How can young Arab man play Jewish child who survived Nazis? 'Everyone who knows me accepts it. My humanism is even more important to me than acting,' says Elias Matar of northern village of I'billin

Standing on the stage at the Children's Museum in the Ghetto Fighters' House is one child who is actually three: Rami'le, the Zionist kibbutznik from the valley, Avrahamale, the orphaned Holocaust survivor, and Elias Matar, a Christian Arab actor who portrays the two of them in the show "Avramale – the Boy from Over There."

 

Matar, 23, who was born in the northern village of I'billin, doesn’t get all excited when he is asked what a young Arab man has to do with these two children, who are so far away from him.

 

Perhaps it's because he is a graduate of the Center for Humanistic Education (CHE) at the Ghetto Fighters' House and serves as an instructor at the center for groups of Arab and Jewish youth, and mainly because he was educated to understand everyone, regardless of anyone's color, race or religion.

 

"The Holocaust or any other event which damages humanity are against my humanistic ideology," he says. "I will play any story which could may people live differently and accept the other, even if it is very far away from me. Any harm caused to Jews and Arabs hurts me.

 

"I arrived at this show very mature to play the other, the different, although the need to understand the different here is fading away, unfortunately. I am different too, like the children in the play, and I bring this complexity to their characters.
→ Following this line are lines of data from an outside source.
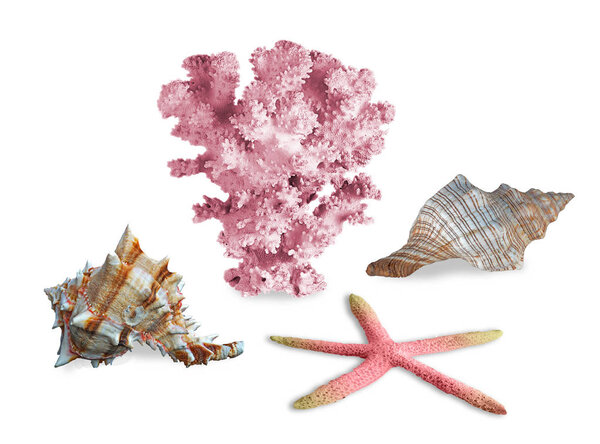 A  coral and seashells isolated on  background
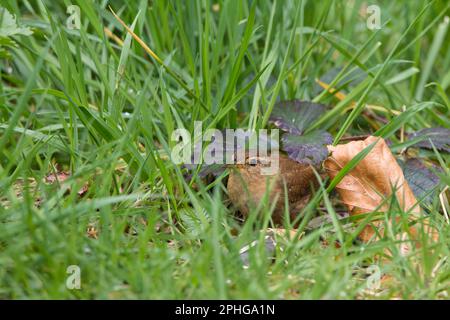 Wren troglodytes x2, rötlich braun über der Puffunterseite fein gezacktes Gefieder feiner Schirm, geschliffener Schwanz in grüner Vegetation Jagdinsekten Frühlingssaison großbritannien Stockfoto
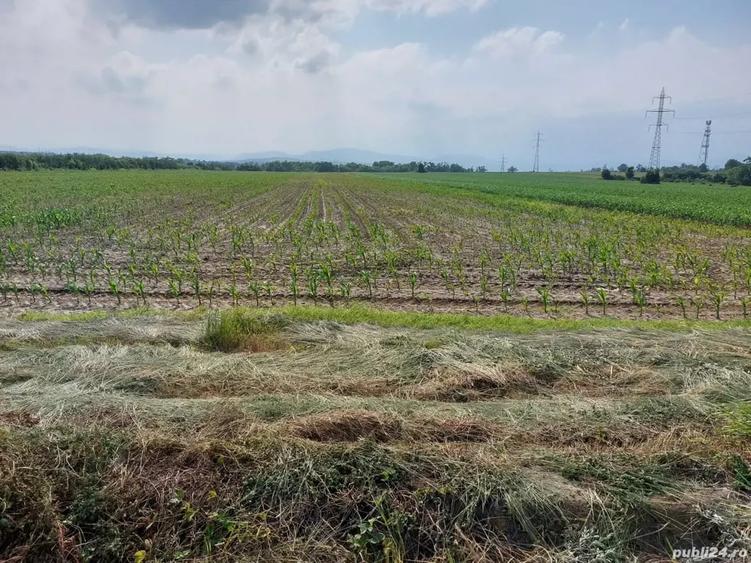 Teren de 3600 mp, în Central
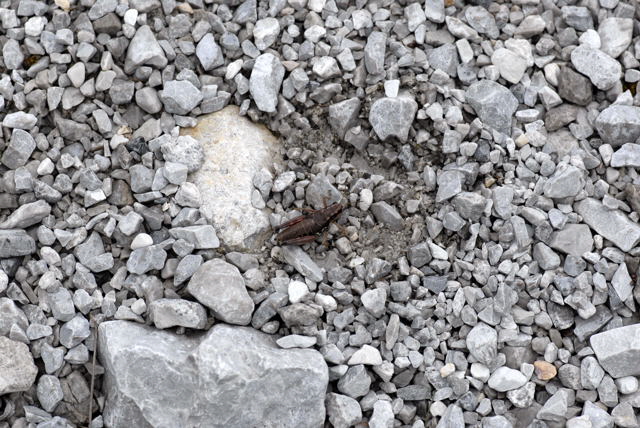 Gemeine Gebirgsschrecke (Podisma pedestris) 2011-07-15 Nationalpark Berchtesgarden Wimbachtal NIKON 132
The moment you release your pain and you're not constantly absorbed in it, you can also understand the pains of others, and that's what I do."

 

"Avramale – the Boy from Over There," written by Amit Gur and directed by Hava Cohen, complements the new exhibition at the Children's Museum in the Ghetto Fighters' House, "My Childhood Began Here," which presents the tales and rehabilitation of the Jewish children who survived World War II.

 

Matar, an actor at the Beit Hagefen Arab-Jewish Cultural Center in Haifa, has been part of the museum since he arrived there as a curious 16-year-old. Since then, he has obtained a bachelor's degree in social theater from Haifa University, acted at the Akko Festival and Children's Theater Festival in Haifa, joined a Haifa dance company, volunteered at the ELEM association for youth in distress and participated in international conferences on the Arab-Israeli conflict through social theater. He also writes songs for singer Miriam Tukan.

 

You must face many questions – from your side too – about the decision to participate in such a show and work in a museum commemorating the Holocaust.

 

"Definitely, but whoever knows me, on my side too – the Arab side, knows that this is who I am and accepts it. The play takes place in 1948, and I can obviously understand – just like the Holocaust surviving child or kibbutznik – what is war.

 

"That date sends shivers down my spine too. My family fled to Lebanon in 1948 and I have not seen them to this day, not even my 98-year-old grandmother, who is very excited over the fact that I'm an actor. When I hear the sire during the show and I'm afraid as Rami'le, I immediately see my grandmother. And when I say that it must be hard growing up without a family, without a mother and father, I think about my mother."

 

That’s the power of theater.

 

"Absolutely. We're not doing an avant-garde show. That's not the intention. The fact that I'm an actor who does such roles allows me to get a better sense of the strength and magic in theater. If this spell works on me, it will work on the others as well.

 

"My humanistic place is the most important thing for me, even more than the creation, and that’s not just jabbering. It's my ideology, and I feel that I live for that."